Detailed instructions for using MPI Performance Snapshot and interpreting the results are available in the MPI Performance Snapshot User's Guide.
Compile your program using compiler wrappers from your MPI implementation.
Set up environment variables to run MPI Performance Snapshot. Run the mpsvars.sh script to set the appropriate environment variables. Use the -w option if you plan to collect hardware metrics.
Run your application with your MPI implementation.
For Intel MPI Library: Run your application with the -mps option. For example:
$ mpirun -mps -n N ./myApp
This example creates a directory called stat_<date>-<time> and a file called stat-N.bin where N is the process number. Each rank creates a separate file. If you collect hardware metrics, the _mps_<date>-<time> directory is also created.
For other MPI implementations: Run your application with the mpsrun.sh script. For example:
$ mpirun -n N mpsrun.sh ./myApp
This example creates a directory called stat_<date> and a file called stat-N.bin where N is the process number.
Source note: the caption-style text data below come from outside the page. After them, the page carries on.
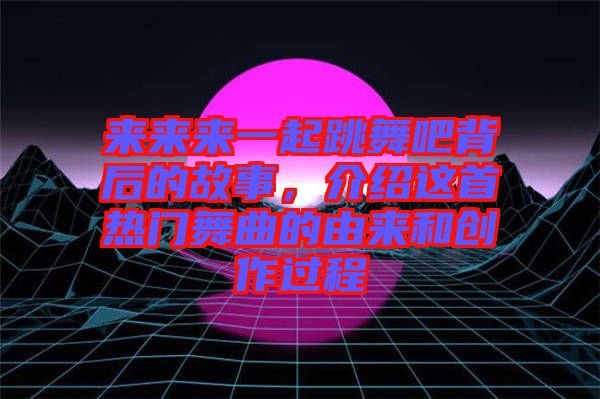 來來來一起跳舞吧背后的故事，介紹這首熱門舞曲的由來和創(chuàng)作過程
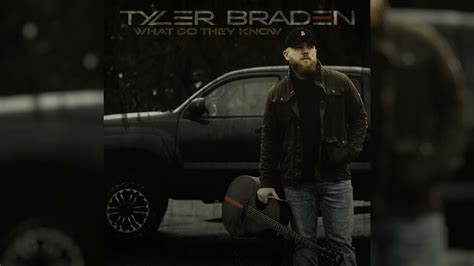 Tyler Braden What Do They Know Audio Youtube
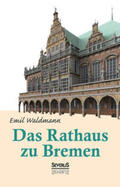 Waldmann / Bedey |  Das Rathaus zu Bremen | Buch |  Sack Fachmedien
Each rank creates a separate file. If you collect hardware metrics, the _mps_<date> directory is also created.
The mpsrun.sh script only uses date for MPS_STAT_DIR_POSTFIX rather than date and time because the time is different for different processes. You can change the directory name generation by modifying mpsrun.sh.
Review the collected data by running MPI Performance Snapshot in the command line. Provide the result with the directory name, a file name (for example, stat-12.bin) and MPI Performance Snapshot will find all files in the appropriate format in the same directory, or with a period (.) and MPI Performance Snapshot will look for all stat-N.bin files on the system. The examples below all point to a specific directory name.
To get MPI function times:
$ mps -t stat_DATE-TIME _mps_DATE-TIME
To get the communication pattern:
$ mps -c stat_DATE-TIME _mps_DATE-TIME
To get details:
$ mps -t -D stat_DATE-TIME _mps_DATE-TIME
Generate the HTML summary report (mps_report.html) and analyze the data. For example:
$ mps -s -g stat_<DATE-TIME> _mps_<DATE-TIME>
Determine appropriate next steps based on result analysis. Common next steps may include communication tuning with the mpitune utility or using another performance analysis tool for more detailed information, such as Intel Trace Analyzer and Collector or Intel VTune Amplifier. A detailed tutorial is available from https://software.intel.com/en-us/itac-vtune-mpi-openmp-tutorial-lin.
Recommended compilers: Intel® C/C++ or Fortran Compiler (other compilers can be used, but information about OpenMP* regions is only available from the Intel OpenMP library)
Intel® MPI library version 2017 or later. Other MPICH-based MPI implementations can be used, but information about internal MPI imbalance is only available from the Intel MPI library. There is no support for OpenMPI.
MPI Performance Snapshot only works with applications dynamically linked with MPI.
Hardware metrics are collected via Application Performance Snapshot. Restrictions apply.